As a young Sister, she began teaching in grade school at Mt. Carmel, Saginaw; Our Lady of Perpetual Help, Chesaning; St. Joseph, Muskegon; and Sacred Heart, Mt. Pleasant. In summer she studied at Aquinas College, receiving her B.A. in English, French, and music in 1953. She taught on the secondary level at St. Henry, Melville, Saskatchewan; Sacred Heart, Merrill; Marywood; back in Chesaning; and Alpena Catholic Central. She took graduate work at Laval University in Quebec, from which she earned her M.A. in 1961 and her Ph.D. in 1965. Then she joined the French department at Aquinas.

Because the “big house” on campus could not provide rooms for the entire community, Sister Helen joined the group who occupied a section of the House of Studies and commuted for prayers and meals. When housing policies broadened, she joined five others who pioneered in setting up community in a family-sized house across Robinson Road.

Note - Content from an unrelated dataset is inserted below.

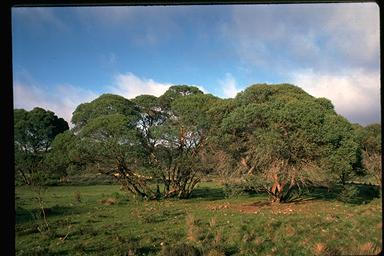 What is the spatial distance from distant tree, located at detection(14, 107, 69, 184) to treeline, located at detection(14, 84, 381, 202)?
289mm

Sister Helen was also one of the first to extend educational ministry beyond traditional commitments. She accepted, first on a part-time basis, a position in the international department of Steelcase Corporation for employees and their families preparing for overseas assignments. After a sabbatical year of study at the University of Quebec, Trois Rivieres, Canada, she retired from the Aquinas faculty and kept the Steelcase position as her ministry.

Helen’s interests have been music, reading, needlepoint, swimming, and getting together with friends. “Though community life has been a mixture of pain, joy, grace and challenge, it has always been home,” she wrote. In whatever size home she lived, she was a gracious lady known for her joie de vivre and her flair for gourmet cooking. Helen had a great love for her family, especially her father, and formed deep and lasting friendships with others. When Denise, a friend from her graduate university, was afflicted with illness and other misfortunes, Helen traveled long distances to bring the support of her presence.

At the time of her Diamond Jubilee in 1995, she wrote: “They have gone so fast, these sixty years. In looking back, I sometimes wonder what I have done to be gifted with so much: community, friends, family, and a ministry of teaching that I have always loved even to this day. So from my heart I give thanks to a loving, gentle God and to all those who have meant so much to me on the exciting journey of life.”

Sister Helen is survived by nieces, nephews, many friends and Sisters in our Dominican Community.